Send back the line that contains "view of patio" and all lines following it through the end of the data below, exactly, omitting pictures.

__DATA LISTING__
BEGIN
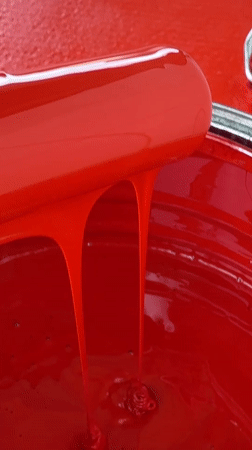 Person handles red paint equipment in Tinaquillo, Venezuela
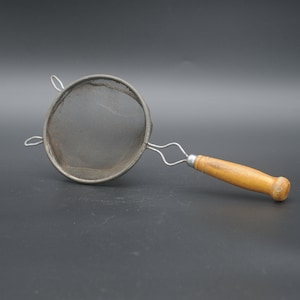 May include: A classic metal sieve with a fine mesh and a wooden handle. The handle is light brown and attached to the sieve with a metal bracket. This kitchen utensil is designed for straining liquids or sifting ingredients.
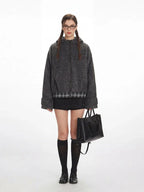Woman wearing a grey fuzzy bomber jacket with plaid hem detail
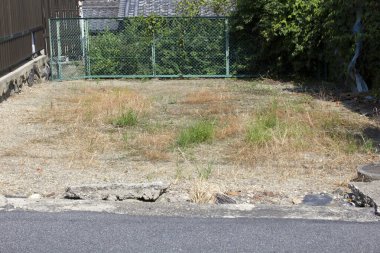 Yeşil çitlerle ve ağaçlarla çevrili kuru boş arazi.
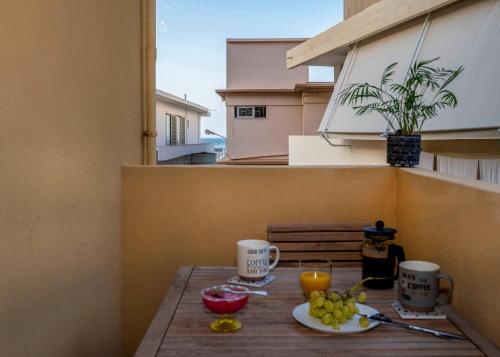 una mesa con una bandeja de fruta en el balcón en Upper Samitos Rooms en Áyios Andónios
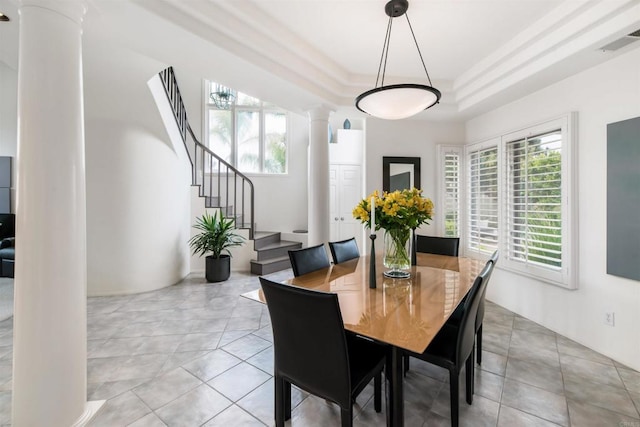 dining room featuring decorative columns, plenty of natural light, a raised ceiling, and visible vents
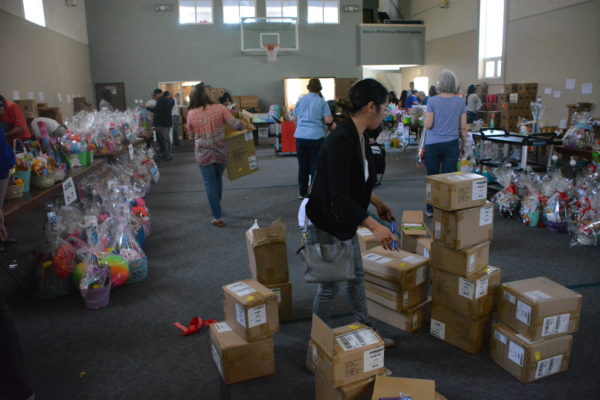 Volunteers in the midst of supplies and boxes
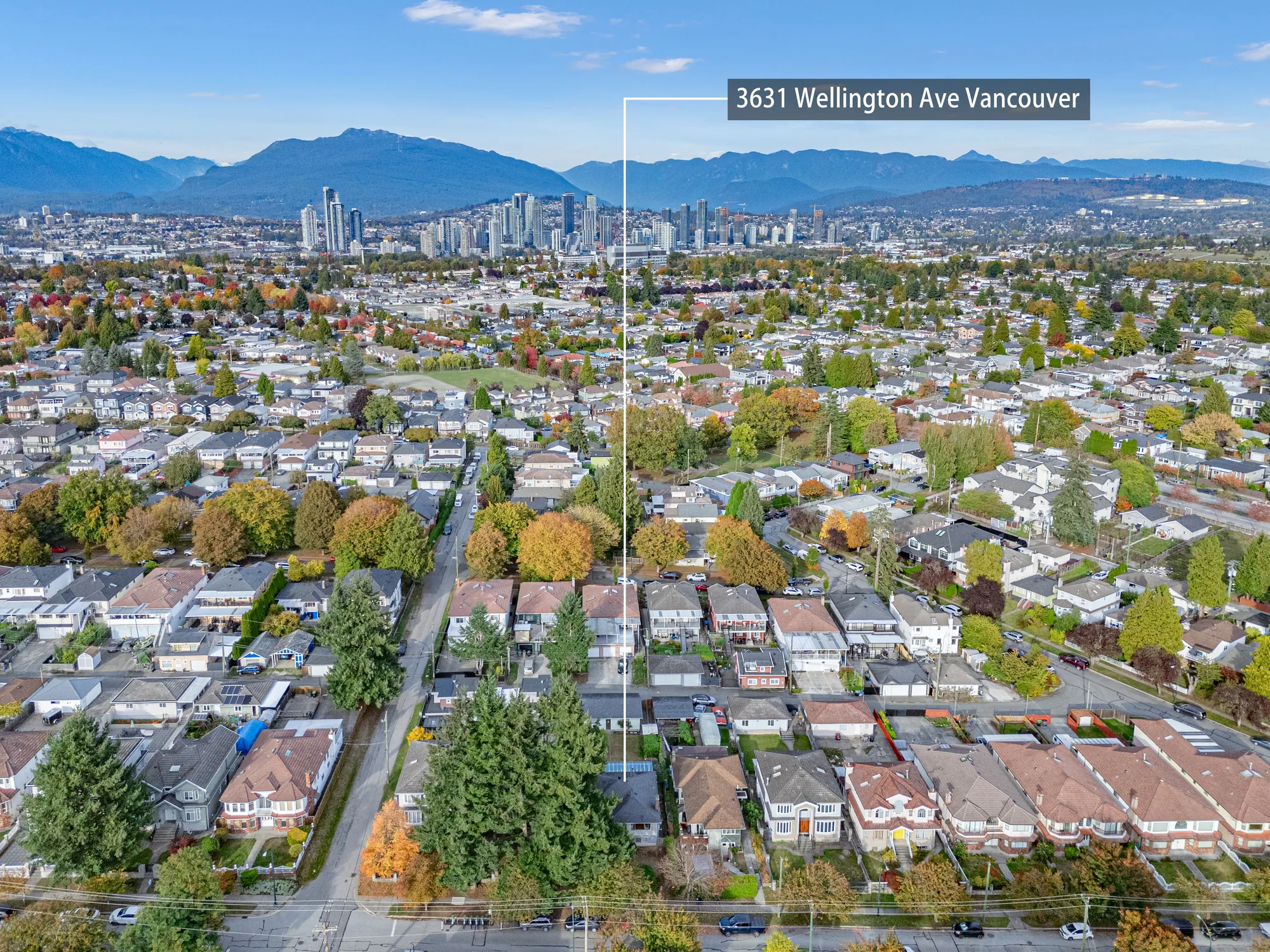 A high view north over the neighbourhood to the North Shore mountains and the downtown towers, the house marked with a label reading 3631 Wellington Ave Vancouver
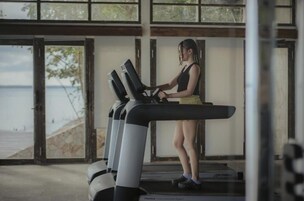 Una persona usando una cinta de correr en una habitación con ventanas amplias con vistas a la playa.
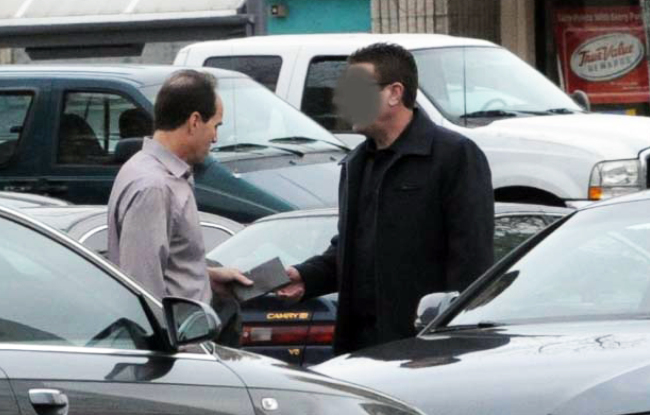 In this undated FBI photo provided by the U.S. attorney’s office, KPMG partner Scott London (left) allegedly accepts a $5,000 cash bribe from Bryan Shaw earlier this year. Federal prosecutors have charged London with providing Shaw with inside information on two California companies, Herbalife Ltd. and Skechers USA Inc. Shaw’s face was obscured by the source of the photo. (AP-Yonhap News)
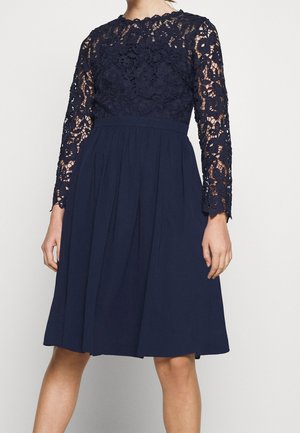 Kobieta ubrana w granatową sukienkę do kolan z długimi rękawami z kwiatowej koronki i jednolitą plisowaną spódnicą, stojąca na jednolitym tle.
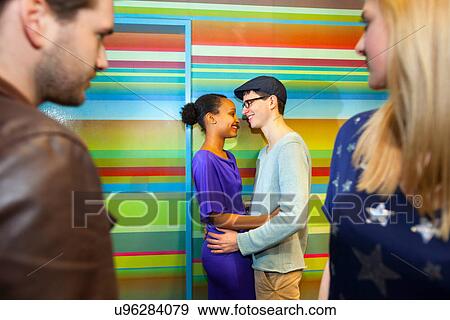 Stock Photo - Young couple embracing, friends in foreground. Fotosearch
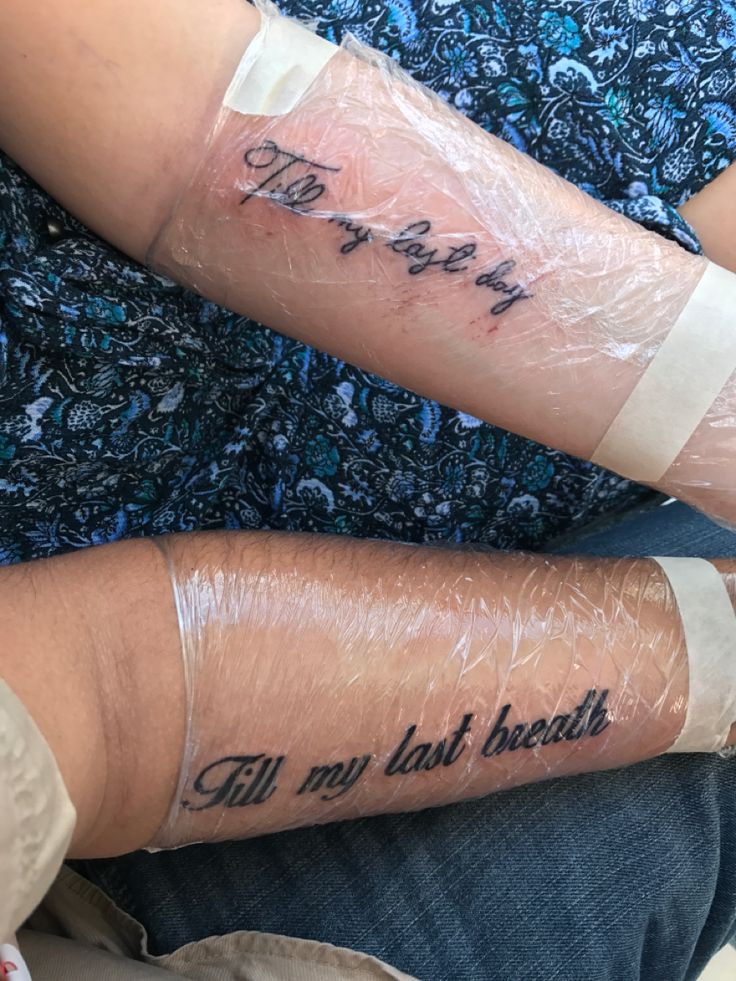 two people with bandages on their arms and one has the words, i'm my last health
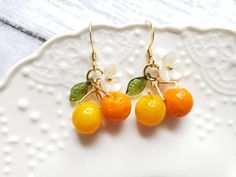 "glass orange drop earrings with cute white flower and green leaf Material: glass oranges, arcylic leaf and flower, gold plated hook drop length: about 1.25\" Contains small parts. Use caution when giving to young children less than Age 3 Please keep them away from moisture. If you have any questions, please feel free to contact me. Thanks :)" Purple Dangle Earrings, Earrings Food, Peach Earrings, Pear Earrings, Fruit Jewelry, Food Earrings, Fruit Earrings, Orange Earrings, Leaf Charms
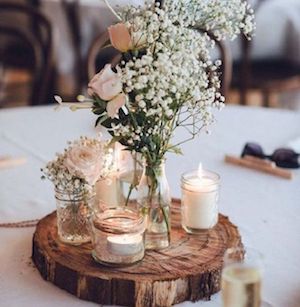 Candles and Baby's Breath on a Wood Slice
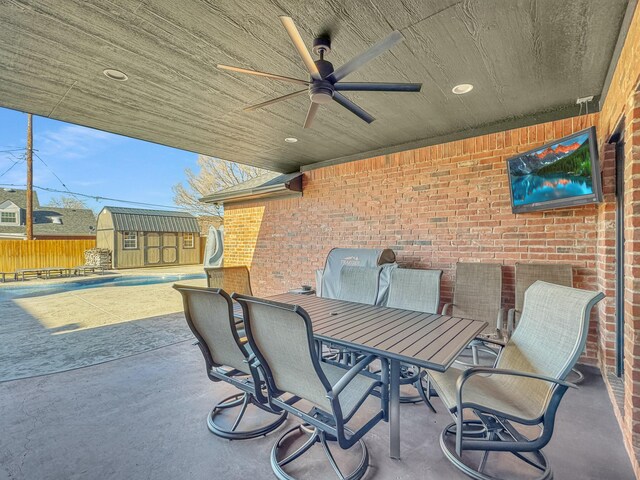 view of patio featuring fence, a storage shed, an outdoor structure, outdoor dining space, and a ceiling fan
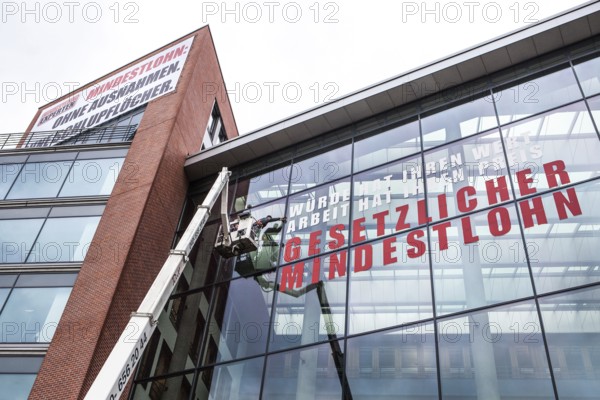 DEU Germany Germany Berlin Window cleaner on the façade of the Verdi headquarters, where an unconditional minimum wage is advertised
END
__ANSWER SECTION__
 view of patio featuring fence, a storage shed, an outdoor structure, outdoor dining space, and a ceiling fan
 DEU Germany Germany Berlin Window cleaner on the façade of the Verdi headquarters, where an unconditional minimum wage is advertised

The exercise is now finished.